Opened 14 years ago
Closed 13 years ago
#9305 closed defect (fixed)
VBox modules randomly cause kernel panic on computer shutdown -> fixed as of 28-Jul 2011
Reported by: | Artem S. Tashkinov | Owned by: | |
---|---|---|---|
Component: | other | Version: | VirtualBox 4.1.0 |
Keywords: | Cc: | ||
Guest type: | other | Host type: | Linux |
Description
!!Assertion Failed!! Expression idCpu == RTMpCpuId() Location : /tmp/vbox.0/r0drv/linux/mpnotification-r0drv-linux.c(85) rtMpNotificationLinuxOnCurrentCpu int3: 0000 #1 PREEMPT SMP
The rest of it is in the attached screenshot.
Attachments (6)
Change History (31)
by , 14 years ago
comment:1 by , 14 years ago
!!Assertion Failed!! Expression idCpu == RTMpCpuId() Location : /tmp/vbox.0/r0drv/linux/mpnotification-r0drv-linux.c(85) rtMpNotificationLinuxOnCurrentCpu int3: 0000 [#1] PREEMPT SMP The rest of it is in the attached screenshot.
I'm running Linux 3.0 i686 vanilla kernel. I observed the same problems on Linux kernel 2.6.39. I don't remember experiencing such problems with VirtualBox 4.0.x, so this issue is probably new to VirtualBox 4.1.x.
comment:4 by , 14 years ago
comment:5 by , 13 years ago
If anyone has the same problem, here's a temporary solution (until VBox developerss identify and solve this issue). Put these lines into your halt/shutdown script just before a halt
invocation:
rmmod `lsmod | grep ^vb | awk '{print $1}'` &> /dev/null rmmod `lsmod | grep ^vb | awk '{print $1}'` &> /dev/null
comment:6 by , 13 years ago
It's most likely a dupe of bug #9253 - but at least my bug report contains full panic information (I run framebuffer at 1600x1200).

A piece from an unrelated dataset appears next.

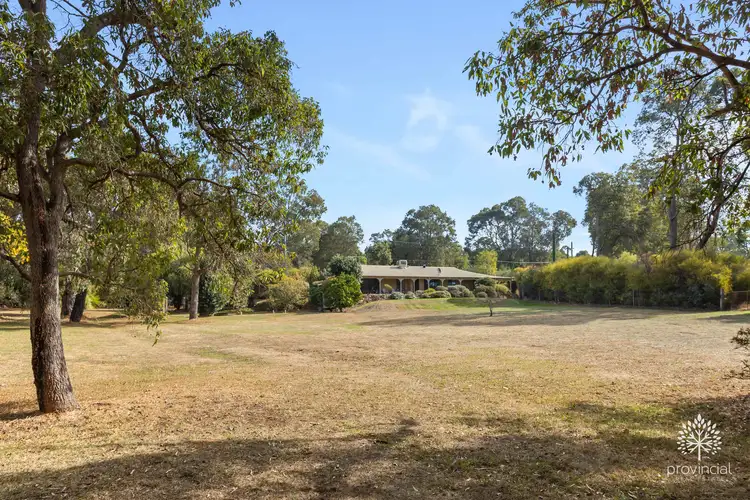 Main view of Homely house listing, 4 Valencia Road, Carmel WA 6076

follow-up: 8 comment:7 by , 13 years ago
Many thanks for giving us the actual assertion. It seems our notification callback is not firing on the CPU we expect it to fire on. It works fine on my x64 2.6.38-8-generic kernel but I still can't find anything in our sources that restricts this to 32-bit only. Maybe 64-bit dual-core setups are just lucky to not hit the problem.
We noticed a slight difference in the linux sources in smp_processor_id() between 32 and 64-bit, but nothing really concrete to identify the real cause.
@birdie / anyone who can see the Assertion before the trace:
Could you try patching the sources and trying again to trigger the assertion? It would be good if we can get more information out of it.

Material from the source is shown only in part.